Replacing outdated windows can help schools cut energy costs and provide a better learning environment.
Many older schools still use their original single pane windows, resulting in energy loss and distracting glare.
In the more than 60 years since Wellesley Middle School was built in Wellesley, Mass., students have viewed plenty of things as they’ve stared out the windows of the facility.
The problem is that the windows students were peering through in 1953 are the same ones that students were looking through in 2015. The building still has the windows installed during the original construction, as well as the windows that came with building additions in 1958 and 1966.
That comes to a total of 280 windows, covering 17,700 square feet of the building’s envelope. And over the years, those windows, never energy-efficient to begin with, have aged and deteriorated. Many of the windows no longer can be opened or closed. Cold air from outside the school leaks through in the winter to put greater strain on the school’s heating system, and noise and glare transmitted through the single-pane glazing often distract students from their studies.
But Wellesley Middle now is poised to enter the 21st Century of windows. Bolstered by a Massachusetts School Building Authority (MSBA) program that will subsidize the project, the town has approved a plan to replace all of the windows in the school.
“The new windows are going to be much more energy-efficient,” says Joseph McDonough, director of facilities for Wellesley schools. “Our energy manager estimates we’ll save 5 to 10 percent in energy costs.”

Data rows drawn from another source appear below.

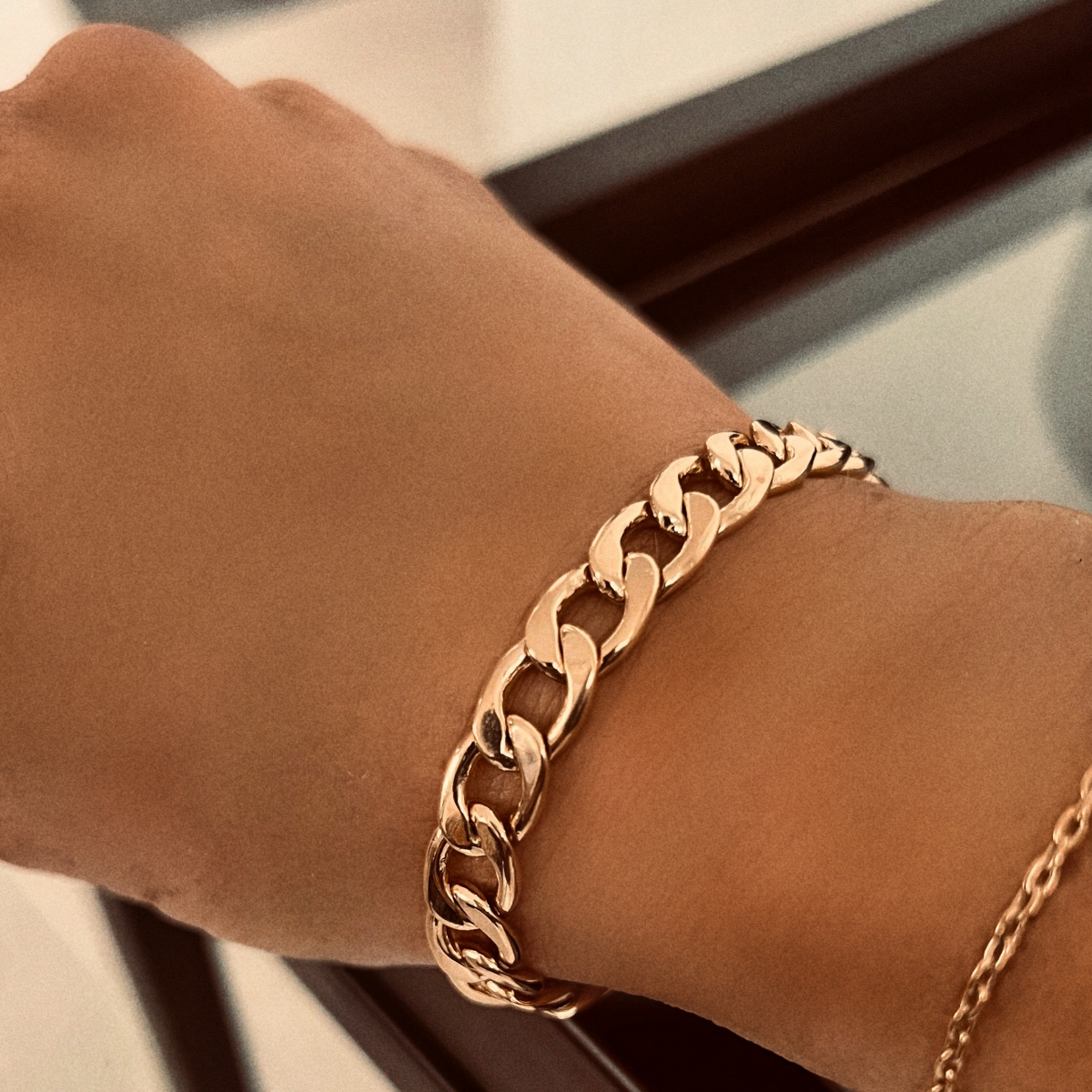 CURB CHAIN BRACELET GOLD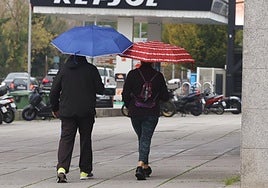 Paraguas para protegerse de la lluvia esta mañana por Irun.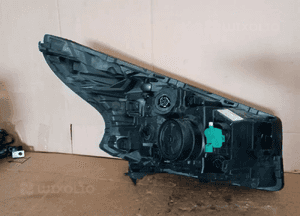 Lampa lewy przód przednia lewa Renault Trafic III Vivaro B 3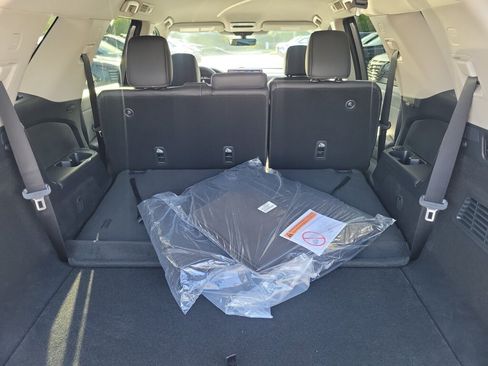 New 2026 Nissan Pathfinder SL FWD image 9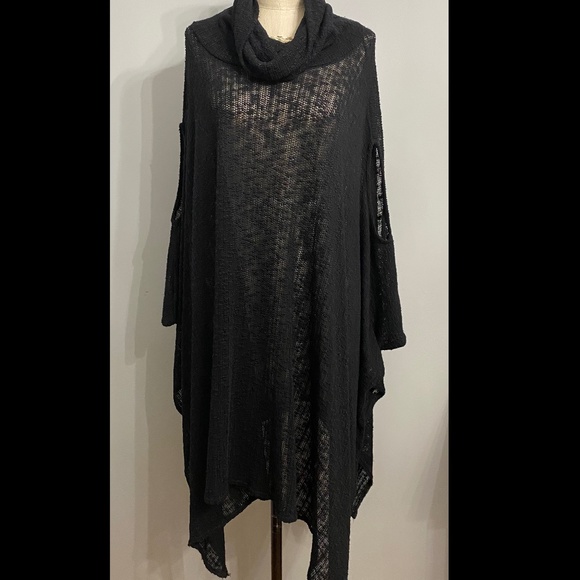 BOHO OVERSIZED COWL NECK KNIT PONCHO - Picture 3 of 4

The percentage savings is modest, but the amount will be significant, considering that the 230,000-square-foot facility is one of the largest middle schools in New England. McDonough points out that Wellesley’s high school, built in 2012, uses about half the natural gas that the middle school does, even though the high school has about 20 percent more space.
The district says that the middle school’s Energy Star score, a measure of a building’s performance, was 57 out of 100 in 2013, compared with the high school’s score of 94 out of 100. Wellesley estimates that the new windows will boost the middle school’s score to the high 80s or low 90s.
The MSBA approved the Wellesley project in January as part of the state’s Accelerated Repair Program, which helps districts make critical repairs of roofs, windows and doors, and boilers. Replacing the windows at Wellesley Middle will cost about $5 million; a state grant will cover $1.42 million of the cost.
School officials had hoped to complete the replacements this summer, but McDonough says it is likely that most of the work will be done in the summer of 2016.
Over the years, town and school officials have recognized the need to upgrade the windows at the middle school, but other improvements claimed a higher priority or promised a more immediate benefit.
“People want to see a payback right away,” says McDonough.
New windows can cut energy costs, but the payback may take 25 or 30 years, McDonough says. Window upgrades had been included in a renovation of the middle school in 2006-07, but when the project had to be scaled back, work on the windows was deferred.
When school and town officials weighed the energy savings together with the improved school environment and the availability of state funding, they decided to move forward with an upgrade to double-pane high-efficiency windows.
“The impact on the learning environment is a big factor,” says McDonough. “There will be less air infiltration, cold breezes, glare and outside noise."
Mike Kennedy is the staff writer for American School & University.